Figure 2Example of noise analysis showing 400 scans (x 3 samples ea.) prior to (A) and after (B) the noise filter was applied. On both windows, red crosses (top) show where the maximum percentage of variations was exceeded and black crosses (top) where both criteria (% and the number of neighbors) were detected.
Figure 3Example of scan analysis. The software divided the scans or plots between those that did not surpass the maximum accepted variation coefficient (Scans without problems) and those where it was exceeded (Scans with problems). Scan 399 was selected, and its first sample (red) was identified for deletion (Apply filter).
Figure 4Example of outlier analysis showing four scatterplot graphs (NDVI, SR, PRI and WI vs. Yield) (A). Using the Edit function, NDVI vs. Yield was used to select scans with NDVI values below 0.31 (B) for deletion (C).
Figure 5Example of collinearity analysis for deletion of wavelengths delivering the same predictive information for Yield. The analysis, considering a linear regression method (R square cutoff = 0.95), selected 131 wavelengths without collinearity.

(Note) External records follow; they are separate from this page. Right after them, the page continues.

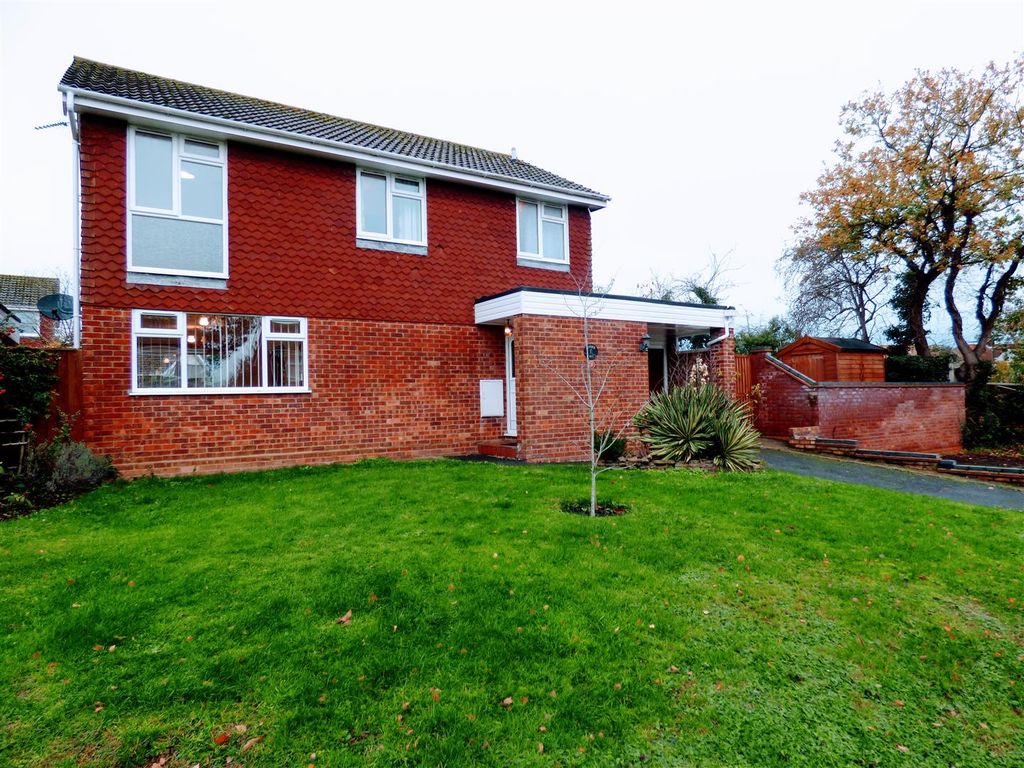 4 bed detached house for sale in Meadow Gardens, Beccles NR34, £367,500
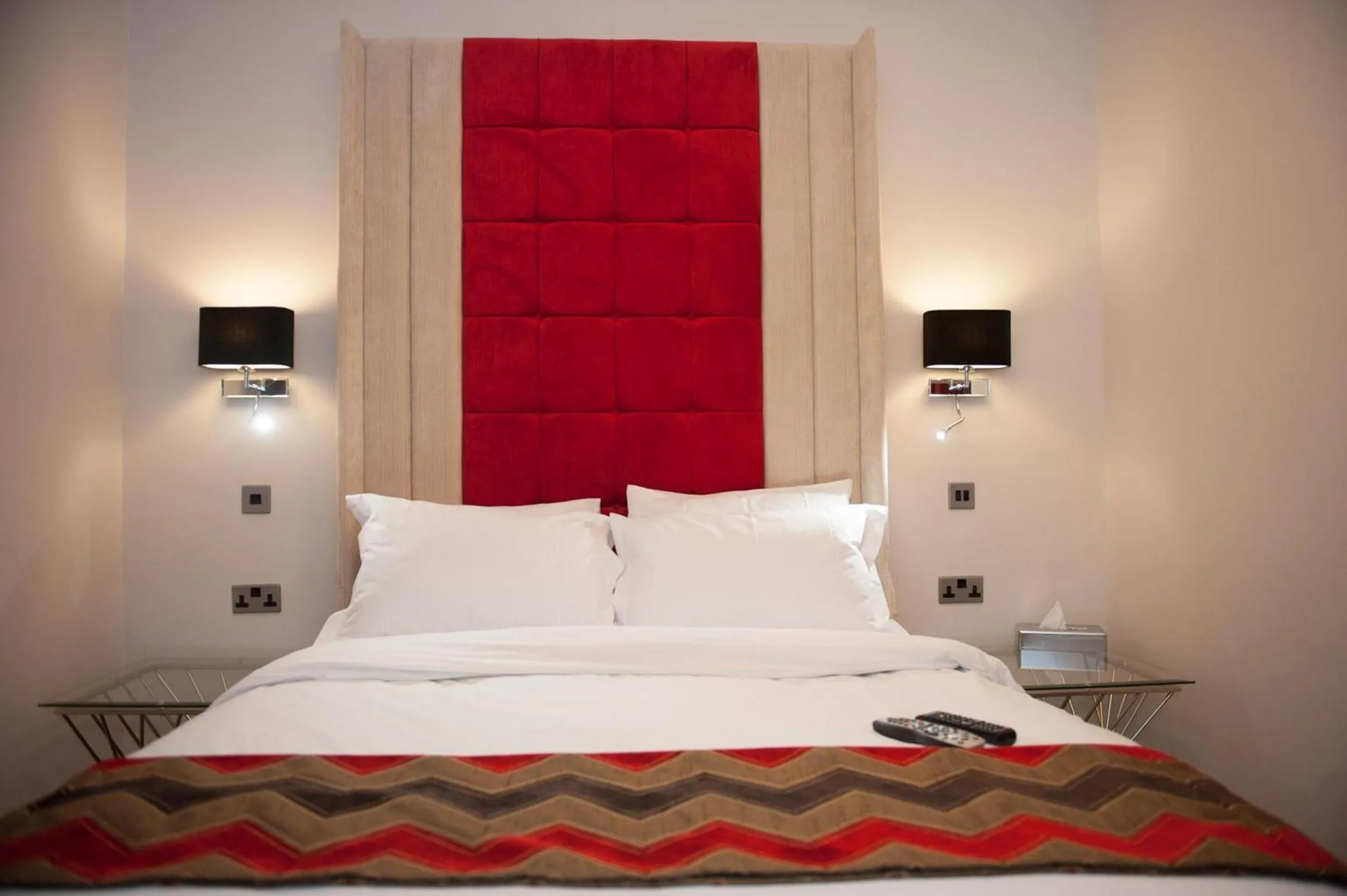 Bedroom, Bed in Hotel Forty One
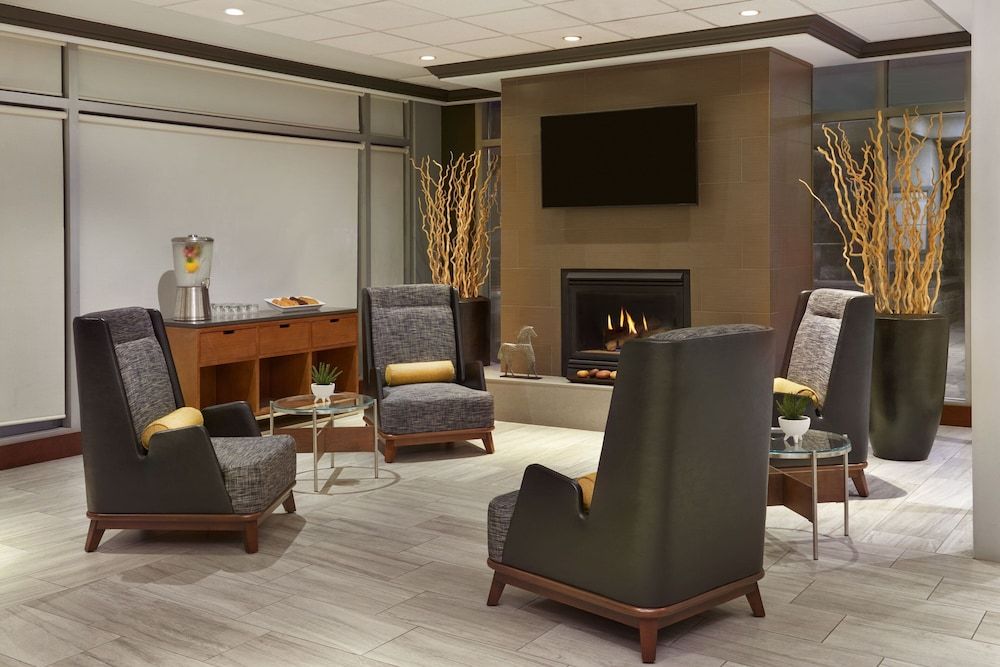 Courtyard by Marriott Ottawa Downtown 2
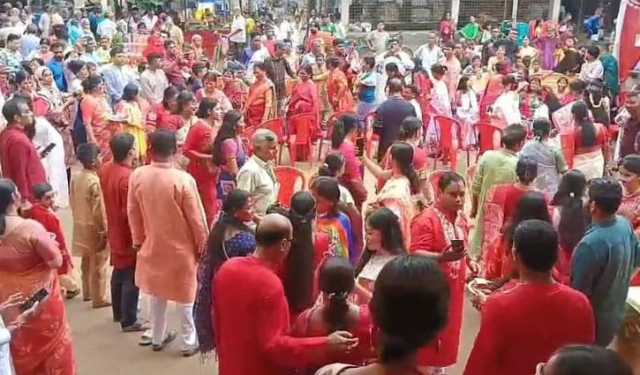 দিনাজপুরে মেতেছে বিজয়া দশমীর সিঁদুর খেলা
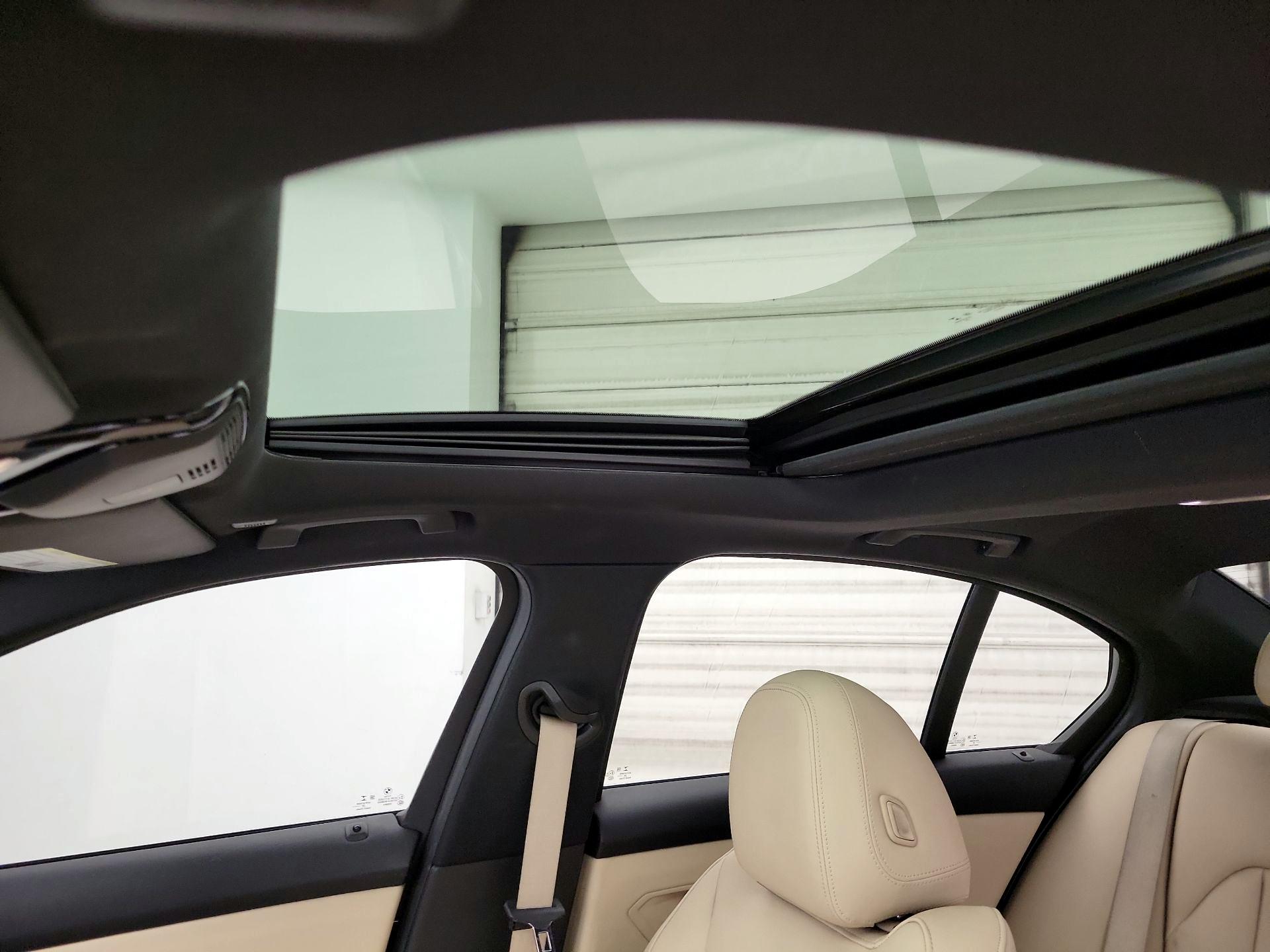 Thumbnail: 2021 BMW 3 Series - 19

Figure 6Example of the individual wavelength analysis module. The relationships were searched by considering Yield and a coefficient of determination higher than 0.3 (A). Results were plotted for visual analysis (B) and exported to a spreadsheet (C).
Figure 7Example of the SRI analysis module. Three regression models were selected to search for SRI and response variables with a minimum adjusted coefficient of determination of 0.25 (A). The exported file shows the adjusted coefficient of determination for the best approximation (Best) and for each selected regression model (B). When a detailed report is required (C), the SRI value for each scan is calculated automatically (D).